Items from a data source:
____

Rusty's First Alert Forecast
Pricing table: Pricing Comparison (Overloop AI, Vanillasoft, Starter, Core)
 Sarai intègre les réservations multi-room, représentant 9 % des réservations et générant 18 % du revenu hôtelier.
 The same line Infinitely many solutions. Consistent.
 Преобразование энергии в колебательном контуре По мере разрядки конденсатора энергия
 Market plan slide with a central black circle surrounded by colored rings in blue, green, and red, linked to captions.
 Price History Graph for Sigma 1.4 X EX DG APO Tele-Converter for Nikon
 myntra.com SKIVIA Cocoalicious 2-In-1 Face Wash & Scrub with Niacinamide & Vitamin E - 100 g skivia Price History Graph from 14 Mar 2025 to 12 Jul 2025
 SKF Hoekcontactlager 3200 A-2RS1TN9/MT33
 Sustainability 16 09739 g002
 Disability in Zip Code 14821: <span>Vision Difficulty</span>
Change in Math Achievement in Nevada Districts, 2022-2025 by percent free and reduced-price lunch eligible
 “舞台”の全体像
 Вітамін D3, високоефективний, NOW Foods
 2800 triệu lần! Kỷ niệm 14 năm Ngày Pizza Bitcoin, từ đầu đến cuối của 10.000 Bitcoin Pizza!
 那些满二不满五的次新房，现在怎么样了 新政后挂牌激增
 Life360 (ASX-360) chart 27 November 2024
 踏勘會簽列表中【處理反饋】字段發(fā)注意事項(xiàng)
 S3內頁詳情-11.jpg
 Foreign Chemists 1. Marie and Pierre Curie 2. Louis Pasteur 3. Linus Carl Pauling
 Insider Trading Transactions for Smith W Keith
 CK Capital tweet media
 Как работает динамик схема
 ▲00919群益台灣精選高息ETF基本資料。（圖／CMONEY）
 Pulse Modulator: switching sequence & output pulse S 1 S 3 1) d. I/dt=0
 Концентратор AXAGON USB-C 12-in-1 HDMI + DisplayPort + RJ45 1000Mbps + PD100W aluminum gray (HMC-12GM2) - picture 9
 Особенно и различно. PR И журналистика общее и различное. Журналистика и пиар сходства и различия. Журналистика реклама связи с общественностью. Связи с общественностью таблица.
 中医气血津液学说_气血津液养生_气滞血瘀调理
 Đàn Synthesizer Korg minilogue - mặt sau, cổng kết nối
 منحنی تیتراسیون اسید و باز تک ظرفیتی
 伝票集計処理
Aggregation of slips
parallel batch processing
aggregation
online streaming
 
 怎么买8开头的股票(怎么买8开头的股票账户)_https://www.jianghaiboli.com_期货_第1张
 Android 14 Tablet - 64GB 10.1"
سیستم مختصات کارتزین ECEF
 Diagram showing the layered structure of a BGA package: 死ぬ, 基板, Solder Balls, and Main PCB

____

Exercise: Your response should contain each line of the entries above that holds the string "History".

Answer section:
 Price History Graph for Sigma 1.4 X EX DG APO Tele-Converter for Nikon
 myntra.com SKIVIA Cocoalicious 2-In-1 Face Wash & Scrub with Niacinamide & Vitamin E - 100 g skivia Price History Graph from 14 Mar 2025 to 12 Jul 2025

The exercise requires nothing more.